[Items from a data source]
= = = = =

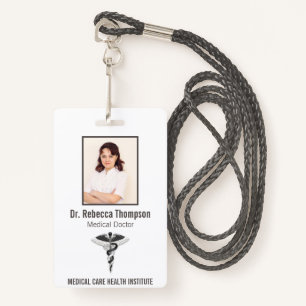 Elegant Black White Medical Caduceus Foto ID Badge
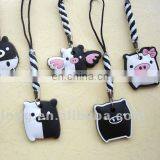 Novelty Personalized Custom Pig Logo Soft Pvc Keychains for Mobile Phone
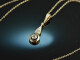 Around 1910! Pretty diamond pendant with chain gold 585 platinum silver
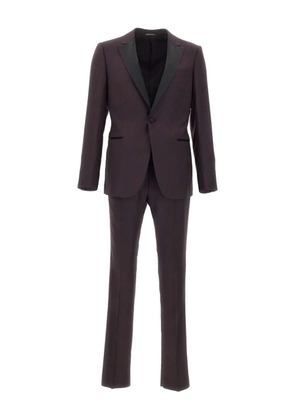 Emporio Armani peaked-lapel satin-trimmed suit - Purple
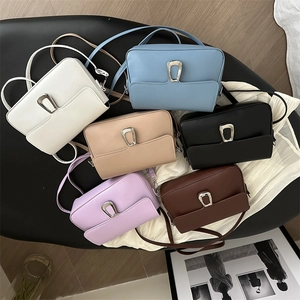 Minimalist square crossbody bags with U-shaped metal buckles in six diverse colors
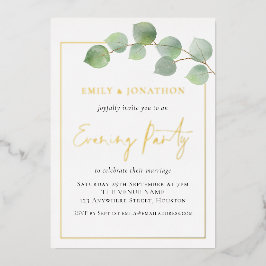 Eukalyptus Border Wedding Abend Party Gold Real Folieneinladung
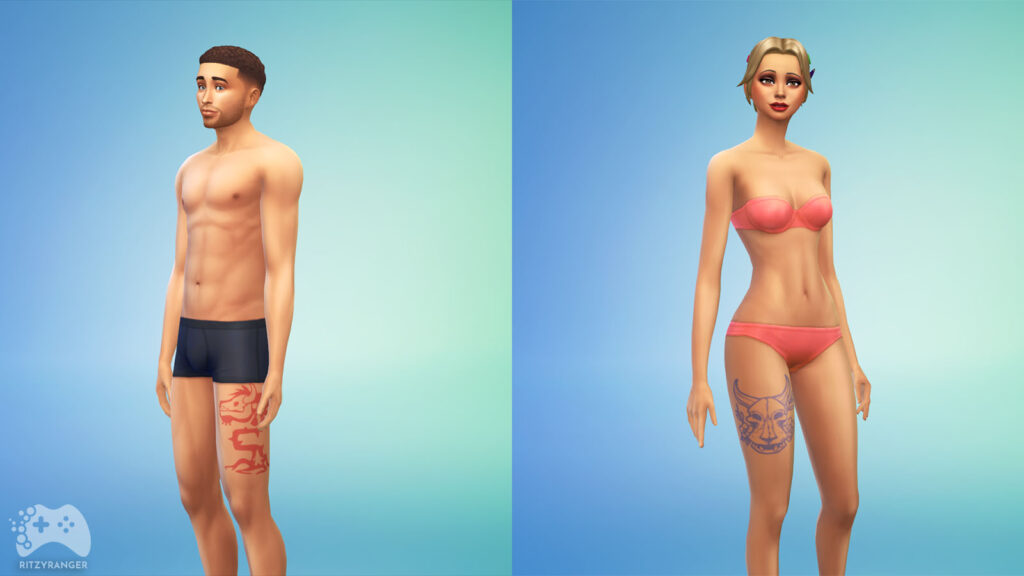 Tatuaże na udzie aktualizacja The Sims 4 październik 2022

= = = = =

Each line from the one with "Novelty Personalized Custom" through the end of the entries should be reproduced exactly. Leave out the pictures.

Result for this exercise:
 Novelty Personalized Custom Pig Logo Soft Pvc Keychains for Mobile Phone
 Around 1910! Pretty diamond pendant with chain gold 585 platinum silver
 Emporio Armani peaked-lapel satin-trimmed suit - Purple
 Minimalist square crossbody bags with U-shaped metal buckles in six diverse colors
 Eukalyptus Border Wedding Abend Party Gold Real Folieneinladung
 Tatuaże na udzie aktualizacja The Sims 4 październik 2022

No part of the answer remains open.